Есть два ранних стихотворения Сирина, посвященных Достоевскому, сюжет которых посвящен, по сути дела, тому же самому: туннельному зрению Достоевского как художника и моралиста:
Садом шел Христос с учениками…
Меж кустов, на солнечном песке,
вытканном павлиньими глазками,
песий труп лежал невдалеке.
И резцы белели из-под черной
складки, и зловонным торжеством
смерти заглушен был ладан сладкий
теплых миртов, млеющих кругом.
Труп гниющий, трескаясь, раздулся,
полный склизких, слипшихся червей…
Иоанн, как дева, отвернулся,
сгорбленный поморщился Матфей…
Говорил апостолу апостол:
“Злой был пес, и смерть его нага,
мерзостна…”
Христос же молвил просто:
“Зубы у него — как жемчуга…”
Это вольное переложение стихов Гете из “Западно-восточного дивана”,
в свою очередь взятых у Низами, воспользовавшегося мусульманской легендой, приводимой в книге Т. Халиди “Мусульманский Иисус” (Изд. Гарвардского ун-та, 2001): “Иисус шел с учениками мимо трупа собаки.
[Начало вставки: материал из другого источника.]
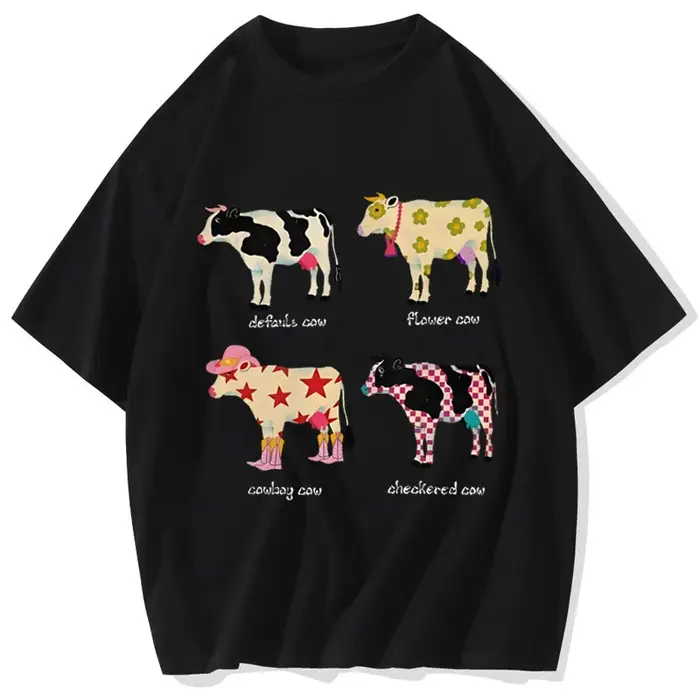 Mode mignon dessin animé vache imprimé T-Shirt pur coton lavé épaule col rond Style neutre tendance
Ученики сказали: └Как мерзка его вонь!“ Иисус сказал: └Как белы его зубы!“ Это он сказал, чтобы дать им урок, а именно: воспретить злословие”.
Один литературовед решил, что под видом пса Сирин изобразил Достоевского. Но о русских писателях говорили “Собаке — собачья смерть” русские императоры, а не другие русские писатели. Смысл стихов о псе ясен из концовки другого стихотворения Сирина о Достоевском:
Тоскуя в мире, как в аду,
уродлив, судорожно-светел,
в своем пророческом бреду
он век наш бедственный наметил.
Услыша вопль его ночной,
подумал Бог: ужель возможно,
что все дарованное Мной
так страшно было бы и сложно?
Хороша даже смерть, и зубы пса напоминают о жемчужной душе, а не
о Смердякове и о запахе Зосимы. Страшно туннельное мировоззрение. “Широк русский человек, я бы сузил”, это говорит Митя Карамазов, но борьба узости
и широты амбивалентна в сюжетах Достоевского, а не в его взгляде на мир, намеренно суженном.
У него есть одна тема, главная тема, завещанная им России, это так называемая “русская идея”, тема русского мессианизма. Масарик в известной книге “Дух России” написал об этой идее: “Она не принесла добрых плодов, и шовинизм Достоевского остается только проявлением слабости”.
Если принесет, можно будет перестать бояться туннельного зрения. Кто знает? Имение, в котором умер Владимир Соловьев, называлось “Узкое”.